Secondary sources can be popular or scholarly.
Popular secondary sources report on or provide commentary on topics of interest to a general audience, with the aim of entertaining or informing.
Books can be a type of popular secondary source. Books written for a general audience typically avoid overly specialized language, and lack the "scholarly apparatus" of notes and bibliographies.
Magazines (both print and digital) are a common types of popular secondary sources. Examples include Newsweek, Latina, Slate, Harper's, New Yorker, etc.
Newspapers (print and digital) are another type of popular secondary source.
Trade journals are a special type of popular secondary source in that they provide information to a specialist, but not scholarly audience. Some common examples include publications such as American Libraries for librarians, and The Advocate for lawyers.
Scholarly secondary sources present carefully researched and written arguments in which scholars analyze primary source materials and place their own arguments within the larger scholarly conversation. Scholarly secondary sources undergo a serious peer-review process prior to being published.

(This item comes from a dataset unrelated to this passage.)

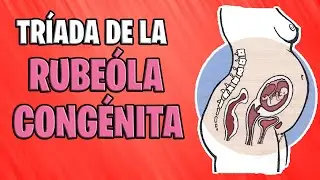 ✅ CONGENITAL RUBEOLA | GREGG TRIAD [EASY] 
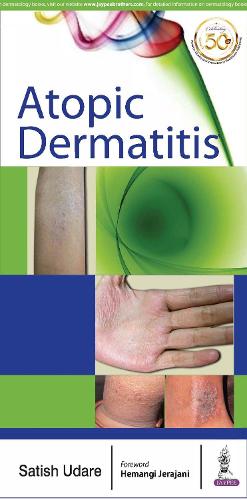 Бумажная книга «Atopic Dermatitis», автор Сатиш Ударе - фото №1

Books (monographs) are a type of scholarly secondary source.
Articles published in scholarly journals are the most common form of scholarly communication.
When you research topics in popular culture, you'll often need to consult both popular and scholarly secondary sources. The following databases will help you identify both types of secondary sources.
Books, whether popular or scholarly, can be helpful for placing your chosen artist within a larger context.
One good strategy is to search Google Books for your artist's name to see where her or his name pops up. Note the title of the book and then search for that book in Primo, the catalog for books available in Collins Library or one of the other 38 academic libraries in the SUMMIT system.
As you search for relevant secondary sources, you'll likely need to request at least a few sources from other libraries. Start your research now so that these materials have time to get to you.
Articles requested through interlibrary loan (Tipasa) typically arrive in digital format in just a few days, but can take longer.
Books requested from another SUMMIT library take about three to five business (Monday through Friday) days to arrive. You can request books by signing into Primo.
Books ordered from libraries outside of the SUMMIT system can take up to two weeks to arrive.
Collins Library and the other SUMMIT libraries are academic libraries, meaning that they tend to hold more scholarly sources. Popular sources often are more likely to be held by public libraries. University of Puget Sound students are eligible to obtain Tacoma Public Library cards. There is a TPL branch in the Proctor district (Wheelock) as well as a larger collection at the Main Library downtown.